You wouldn’t know that Pink was kicking off her first tour in over three years from her performance Wednesday, Feb. 13, at U.S. Airways Center in Phoenix, hot on the heels of giving birth to her first child, daughter Willow, in 2011.

And it wasn’t just the rock-solid abs that were put proudly on display through many skimpy wardrobe changes, or her trademark aerial acrobatics, or the way she not just kept but set the pace for her many ripped backup dancers. Pink rocked the first night of her “The Truth About Love” tour (in support of her recent sixth album of the same name) with the joyful abandon of a woman with nothing to prove and everything to love about her life.

Pink set the exuberant tone for the evening by exploding onto the set from the floor, catapulting through the air to be dangled above the stage from elastic bands by three buff acrobats, sparks flying as she lit into party anthem “Raise Your Glass.”

The crowd was just as eager for her return to the road, rushing the stage to pass her gifts and long-stemmed roses which she gracefully accepted, remembering that she had opened her “Missundaztood” tour in Phoenix back in 2002. Which made it feel even more ironic when she segued into “U + Ur Hand” and its oft-belted line, “I’m not here for your entertainment!” Nothing could have felt further from the truth.

It wasn’t all explosions and bombast. She slowed things down early for a sensual cover of Chris Isaak’s “Wicked Game,” showcasing her rich, powerful voice while three sexy backup dancers caressed her toned body in a lone spotlight.

It also wasn’t a flawless set.
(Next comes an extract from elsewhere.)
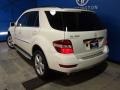 Arctic White - ML 350 4Matic Photo No. 5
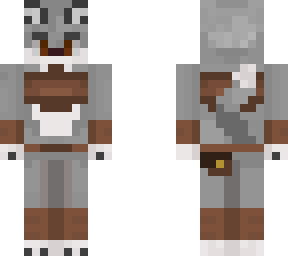 hazel's astrocraft skin!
There was a bit of a hiccup with the equipment early into “How Come You’re Not Here.” Pink stopped the song, fiddling with her earpiece. “Remember when Beyonce pulled hers out?” she said, recalling the singer’s lip-synced performance at the presidential inauguration. “That sucked.”

There was also a weird bit of buffoonery involving a game show emceed by a wild-haired shriek monster who opened the concert and periodically came onstage throughout to shout awkward, sexually suggestive nonsense at the audience.
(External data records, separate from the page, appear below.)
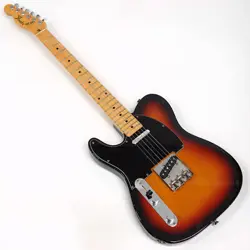 3CS LEFT-HANDED TELECASTER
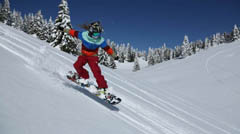 Snowboard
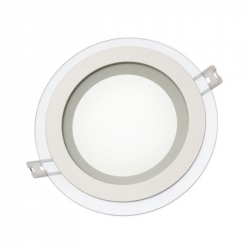 LED FIALE ECO ROUND 6W 230V CW SPECTRUM luminaire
It was unpleasant but easily forgotten thanks to songs like “Sober.” It was a mid-set stunner, with Pink ascending above the stage in round metal cage, spinning from a great height without a visible harness.
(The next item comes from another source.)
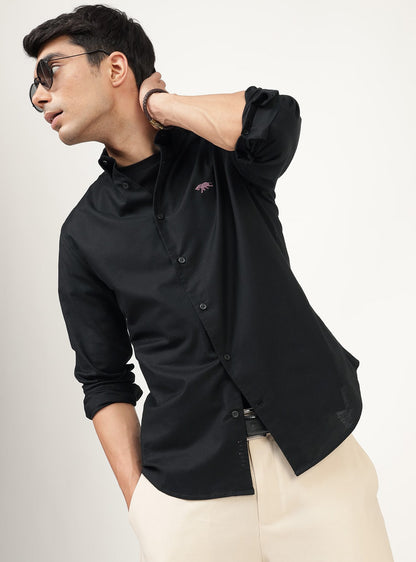 Bunker Black Shirt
Of course it looked cool, but it also gave some added emotional heft to one of her more heartfelt songs, with lines like, “I’m safe up high, nothing can touch me.”

Certainly nothing could touch her by the time she lit into a taunting“So What.” But that didn’t prevent her from pulling out all the stops, fitting her midsection with a metal ring hooked to elastic bands that sent her flying and flipping over the audience, arms stretched out far as they could go as if she longed to give every person in the room a high-five.

She had one last aerial trick up her sleeve for “Glitter in the Air,” a slow, sweet ballad sung from a cradle of silk that was dipped with the singer into water. Spinning upside down high above the crowd, dripping wet, voice in tune, there was no questioning Pink’s work ethic or her return to form.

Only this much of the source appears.